Its been over a year since we started work on the Mapping Memory project, investigating peoples’ experiences of Liverpool in the 1950’s 60’s and 70’s. We were given a new perspective on our work by John Quirk, a former electrical engineer and avid kite photographer.
We spoke to John about his experiences working in Liverpool during the last days of the working central waterfront, plotting places he remembered on a map, before heading out on to explore on foot. John took us to the Pier Head, where he remembered buying the off steak pie from a kiosk before catching the bus home after a night out in the 60s. The Pier Head used to be Liverpool’s transport hub, with buses, trams (until 1957), the overhead railway (until 1956), and of course, the landing stage for the ferry. It has changed a lot over the decades, with its latest incarnation incorporating a magnificent extension to the Leeds – Liverpool canal.
As a film-maker I am used to framing the action, having thought about all possible perspectives, but here John showed me the city in a way that I’d never seen before. Using a home-made bracket he attached a digital camera to the kite line, and sent it up far into the sky to take picture using a radio controlled transmitter. The images of the Pier Head from above were revealing – the edge where the Mersey meets the land, the sense of boundaries and urban landscaping, and the buildings in conversation with each other, and even ourselves, filming John as he let the kite climb higher, and we became as small as ants.
The really amazing aspect though, the things that really blew me away, were the simplicity of the technique, the freedom and political nature of being able to get a perspective of public space, and the craft and skill that John put into making the bracket and controlling the kite. Having spent so long looking at maps of Liverpool, John showed us a new way to navigate the city, creating a view not unlike a map.

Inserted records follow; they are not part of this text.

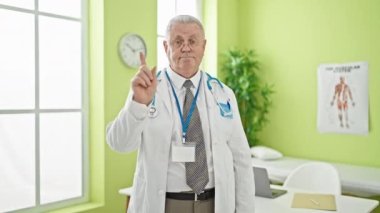 Orta yaşlı, gri saçlı bir doktor ciddi bir ifadeyle klinikte parmağıyla hayır diyor.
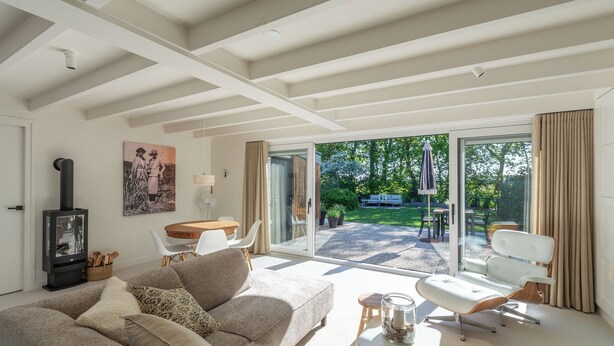 Ein modernes Wohnzimmer mit einer Couch, einem kleinen Tisch, einem Sessel, einem Kamin und Blick ins Freie.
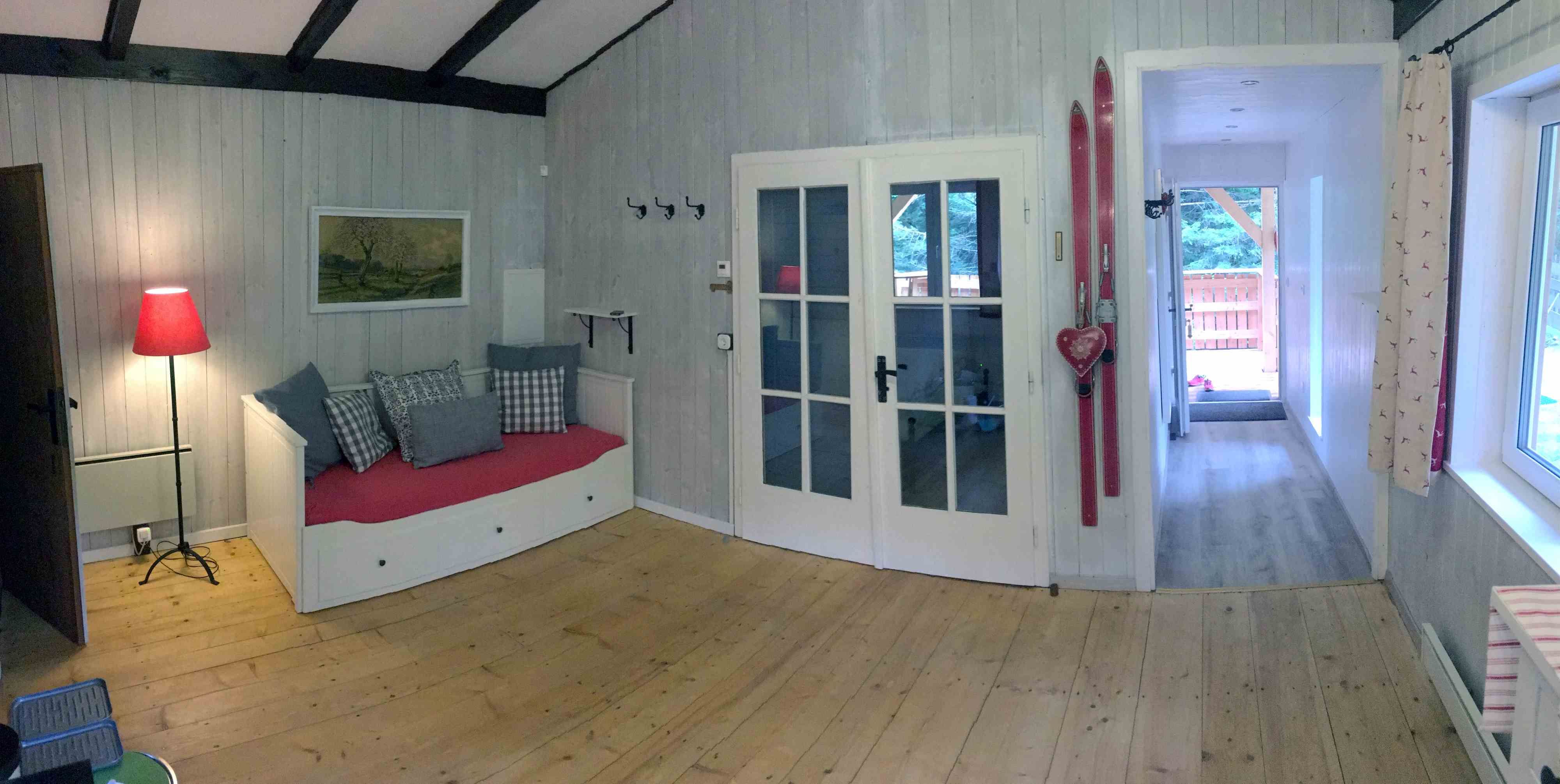 Innenansicht eines gemütlichen Ferienhauses mit Holzboden, rotem Sofa, Skiern an der Wand und Glastüren.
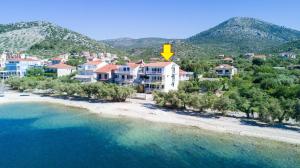 an aerial view of a resort on a beach at Villa Rozana in Seget Vranjica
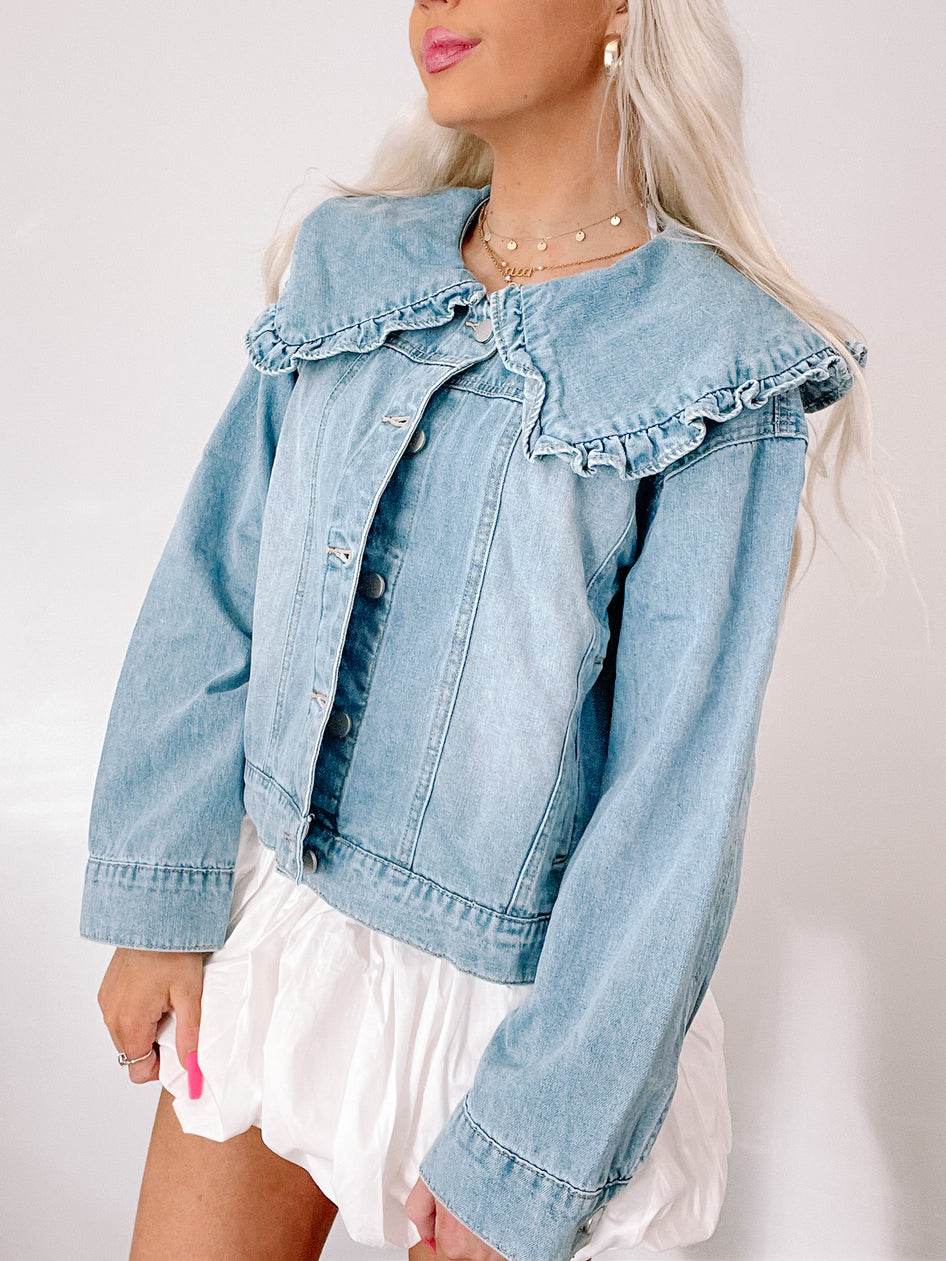 Light wash denim jacket featuring a ruffled Peter Pan collar; styled with a white puff-sleeve mini skirt.
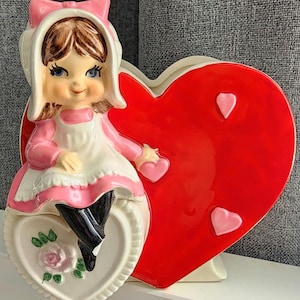 May include: A vintage ceramic Valentine's Day figurine. It features a smiling girl in a pink dress and bonnet, seated on a heart-shaped base with a rose. A large red heart with pink hearts is behind her.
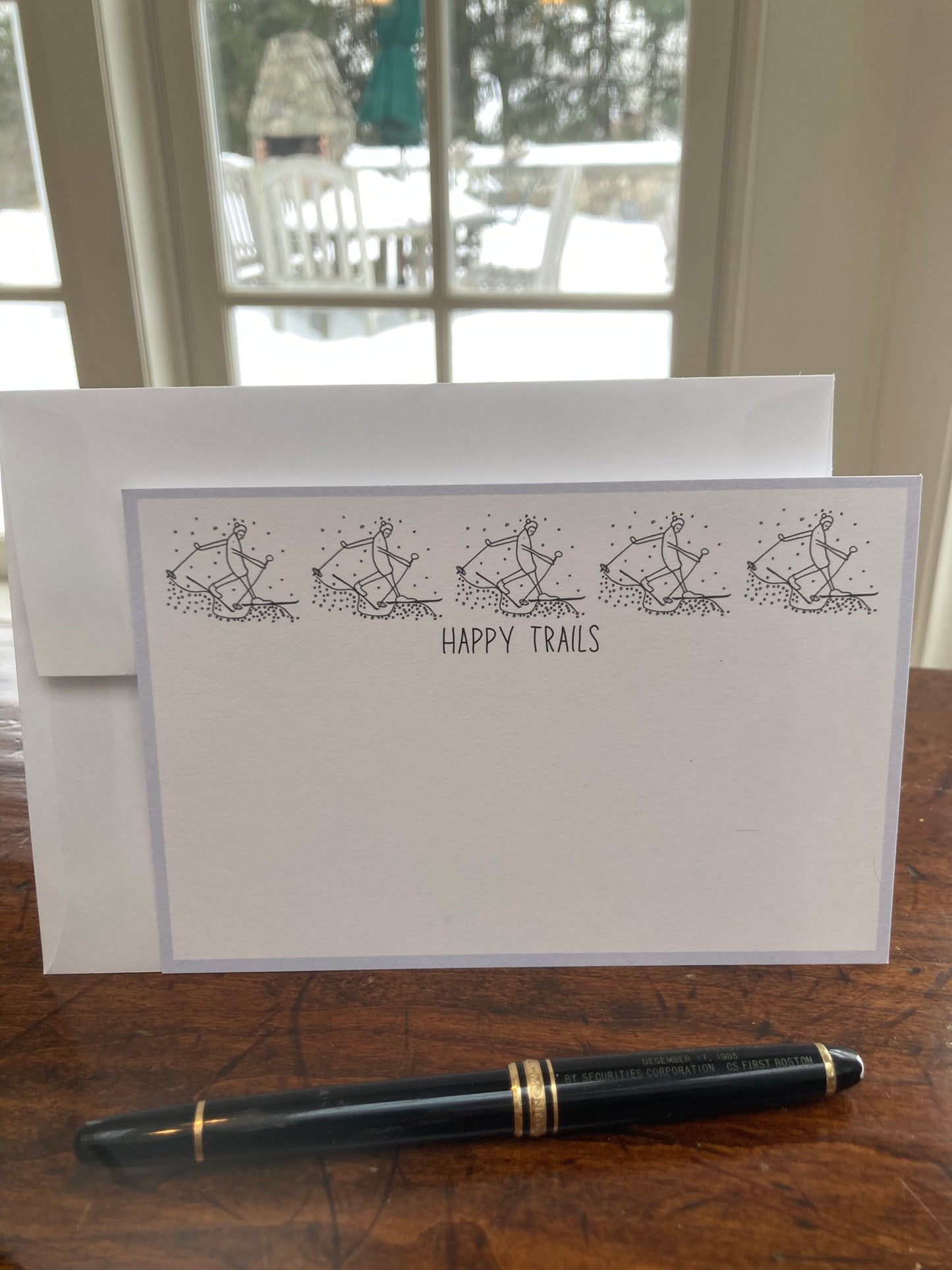 Flat note card with 'Happy Trails' text and illustrations on a wooden surface with a pen.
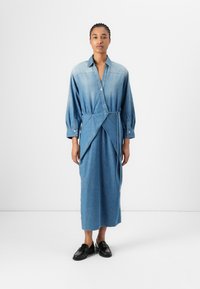 Denim skjortekjole med lange ermer, knappestolpe foran og omslagdesignet. Lys til mørk blå gradient, glatt tekstur og ankellengde.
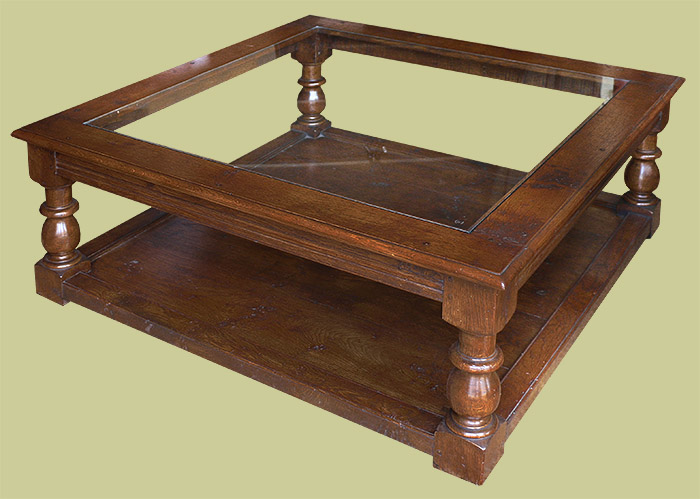 Period style large square oak coffee table with glass top.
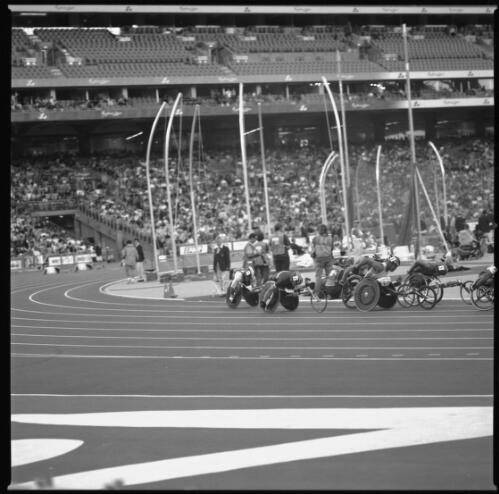 [Track event, men's wheelchair class, Olympic Stadium, Sydney 2000 Paralympic Games, 22 October 2000] [picture] / Louis Seselja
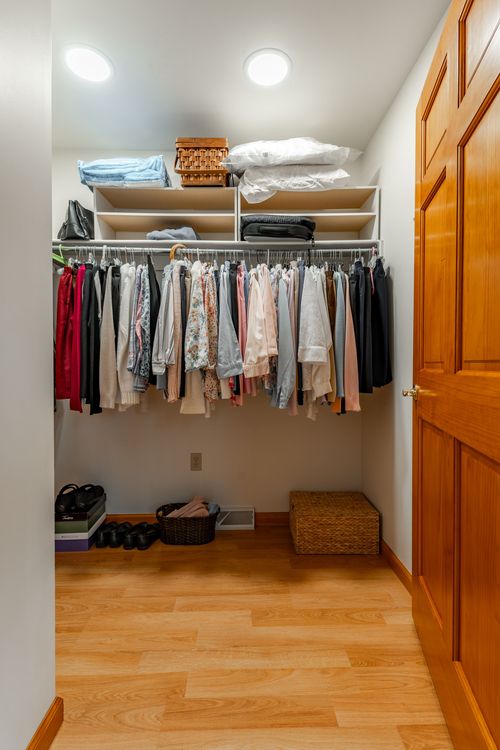 Walk-in closet with hanging clothes, built-in shelving and a wood paneled door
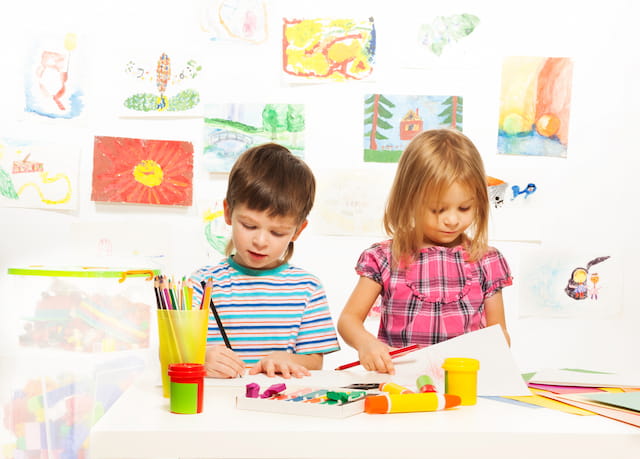a boy and girl sitting at a table with colorful markers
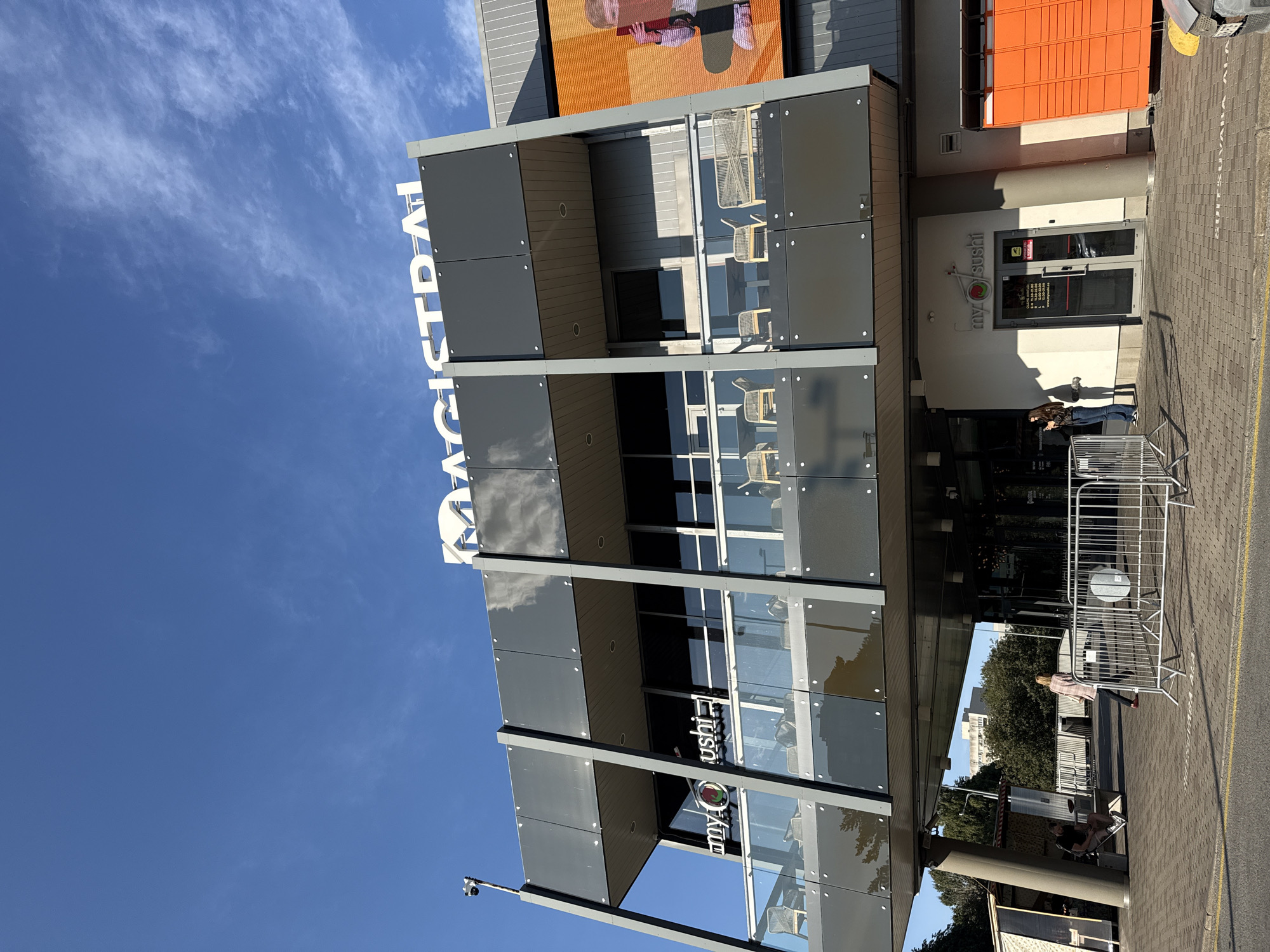The image shows the Magistral shopping center in Tallinn, Estonia, on a sunny day. The building features a modern architectural design with dark grey cladding and glass balconies. On the upper level, a prominent sign reads "MAGISTRAL" in white lettering. Below, the "my sushi" restaurant is visible, with its logo and glass doors. In front of the restaurant, a woman in a dark jacket stands near a metal barrier. To the right of the entrance, a bright orange parcel locker system is installed. In the background, trees and a light-colored building are visible under a clear blue sky. Several people are present on the pedestrian area, including a person sitting on a bench to the left. The scene is captured from a low angle, emphasizing the building's structure and the bright sky.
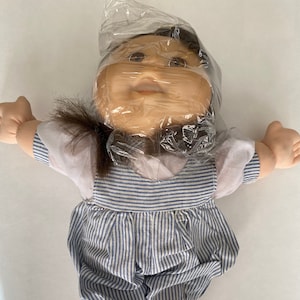 May include: A Cabbage Patch Kid doll with brown hair wearing a white shirt and blue and white striped overalls. The doll is wrapped in plastic.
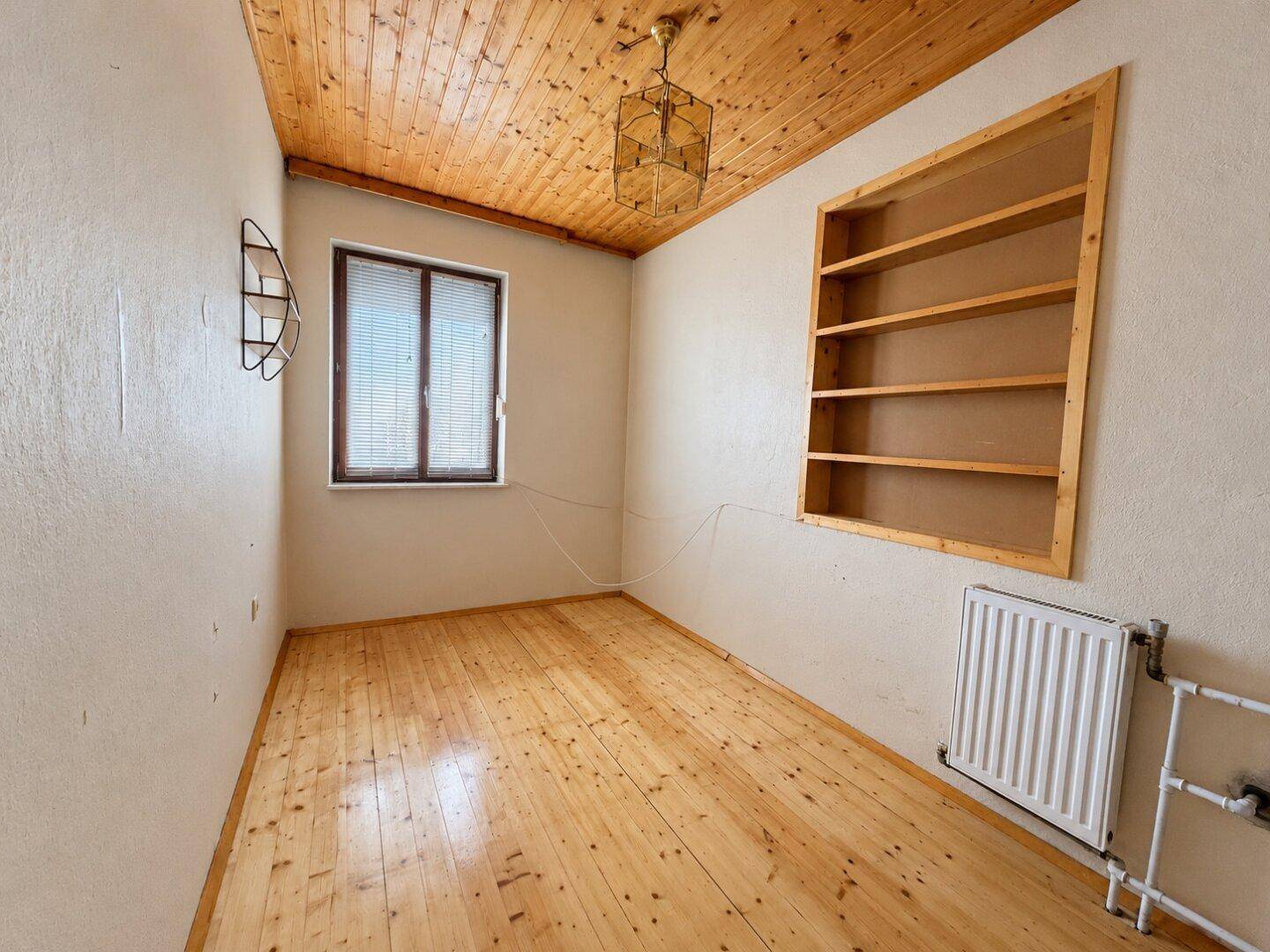 Kleines Zimmer mit Holzdielenboden, Holzdecke und einem eingebauten Regal.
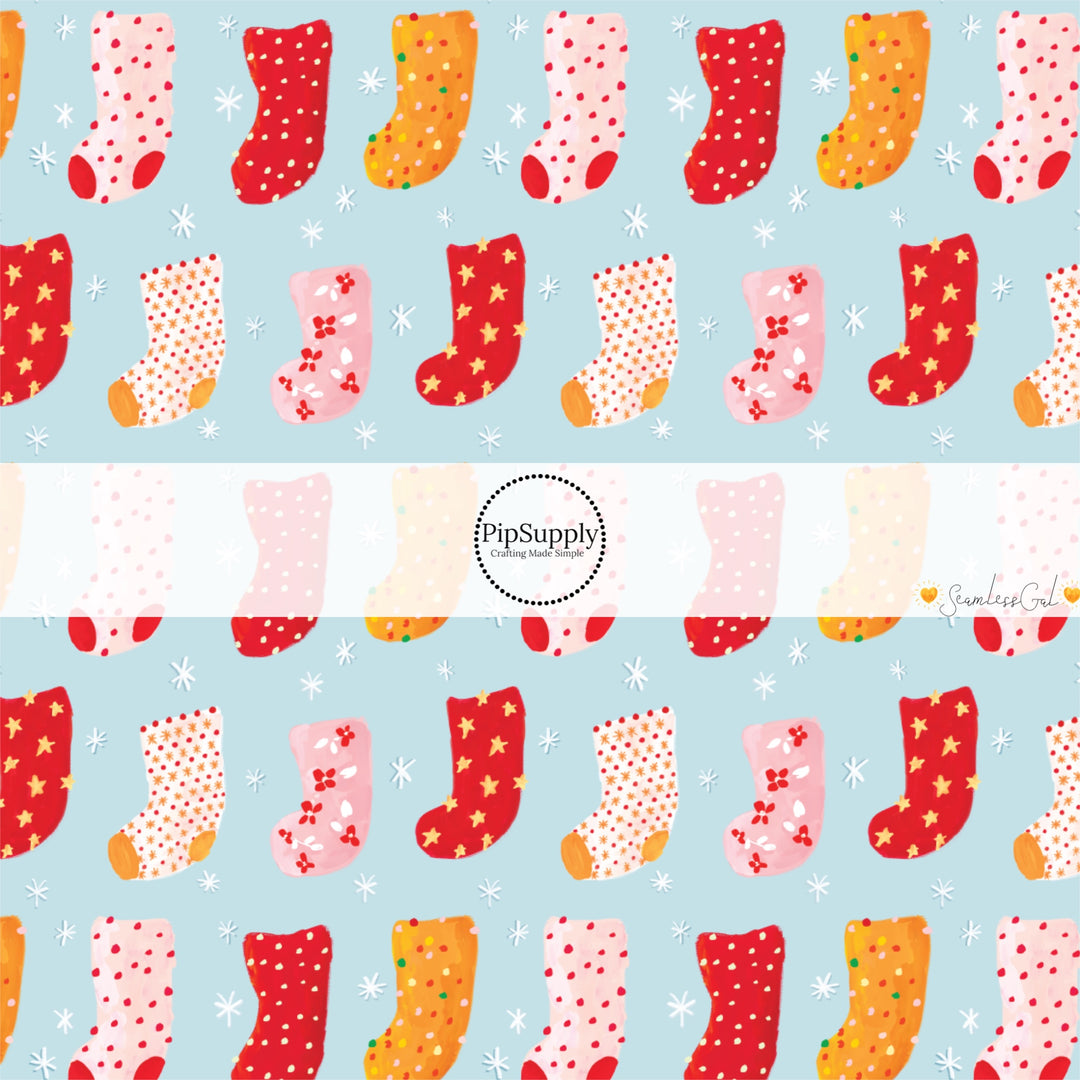 These Christmas themed pattern fabric by the yard features the following design elements: colorful Christmas stockings on blue. This fun themed fabric can be used for all your sewing and crafting needs!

When I say the technique was simple, I mean in principle. In reality, John’s experience and skill in creating things from scratch, combined with his understanding of electronics and his love of kite and photography to make a really fascinating and powerful device. It immediatley made me think of some of our more hands-on electronics friends (Ross Dalziel, Dave Lynch, and the DoES lads John McKerril and Adrian McEwen) who combine digital skills with physical computing to create something new and creative. It is a very powerful thing to have an idea for a tool and be able to make it, but something that came naturally to John, and indeed many of the people we have met on this project. Creating something from scratch on a lathe, or seeing how science, manufacturing and artistry combine to create a ship’s compass – this exposure to process and tools – is key in supporting the creative mind in developing and achieving its crazy ideas.